Join For Freeone of the most beneficial approaches that you can take in software development is to follow a test driven development approach. while we all understand why it's a good thing, it's often left slide in favour of adding functionality to reach deadline, or just to "save" time.
one of the challenges for test driven development is making sure that your code is testable. miško hevery wrote an
article
about this very topic a while back. i thought he would be the ideal person to talk to me about testable code and test driven development.
james sugrue: hi miško, can you introduce yourself to the readers?
miško hevery:
my name is miško hevery, and i build web-applications for a living. my passion is to share the knowledge between developers, as i think that developing software is too much art, and i would like it to become a lot more of science. i spent a lot of time giving tech-talks, both internally at google, as well as at other companies and conferences, and mostly focus on how to build better software by focusing more on testability. i want to bring software development back into the realm of everyday users and our teenagers, which will be our next generation of software developers. to that end i am working on allowing others to build web-applications using a novel approach of using nothing but html. we call it <angular/>, you can see a demo here:
http://www.getangular.com/screencast
james: <angular/> sounds interesting - could you give us a quick overview of how it provides the functionality it does through pure html?
miško:
<angular/> has two parts:
(1) html is a declarative language, but it is only good at rendering static content, what <angular/> does is to extend the html language to add data-binding, persistence, and looping constructs. in essence it makes your html smarter and more suited for building web-applications.
(2) the second part of angular is your data in the cloud. we provide rest api to your data and we do the hosting. this liberates the data as it can be accessed from anywhere and by anyone (not just by the <angular/> client) (according to security rules you specified).

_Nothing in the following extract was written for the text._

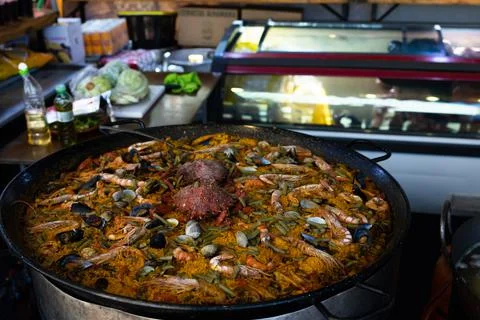 A large paella rapidivar is preparing for a big holiday on the street Stock Photos
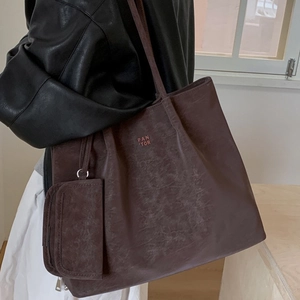Brown vintage large capacity tote bag with texture and letter logo for women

the end product is that you can create an html form and through data-binding you specify where different parts of your data should appear on the page. <angular/> takes care of fetching the data, and merging it with the html template. and since it is just pure html the html can be hosted anywhere, such as a static host, or embedded in existing systems such as your blog (
example
), or your content-management-system.
james: so, back to testability. why do you think that it's taken so long for test driven development to get proper acceptance? after all, it seems like the most sensible way to develop?
miško:
tdd, may seem natural after you have done it for a while, but it is no more natural than riding a bike. it is a skill like any other, and as such the beginnings are heard and it takes a long time to master it. most of us learn to code without tdd and by the time we encounter it we have had a lot of experience coding in "cowboy" style. learning something new will slow us down at first, just as walking/running is a faster way of transportation than a bicycle when you first start it learning to ride it. however, i think the tide is slowly shifting. many new languages have tdd culture baked right in (such as ruby) you can see that in the support of the tools which you get right out of the box.
james: let's look at your
recent article
on testability. i'm going to go through a few of the points you've mentioned with a few questions.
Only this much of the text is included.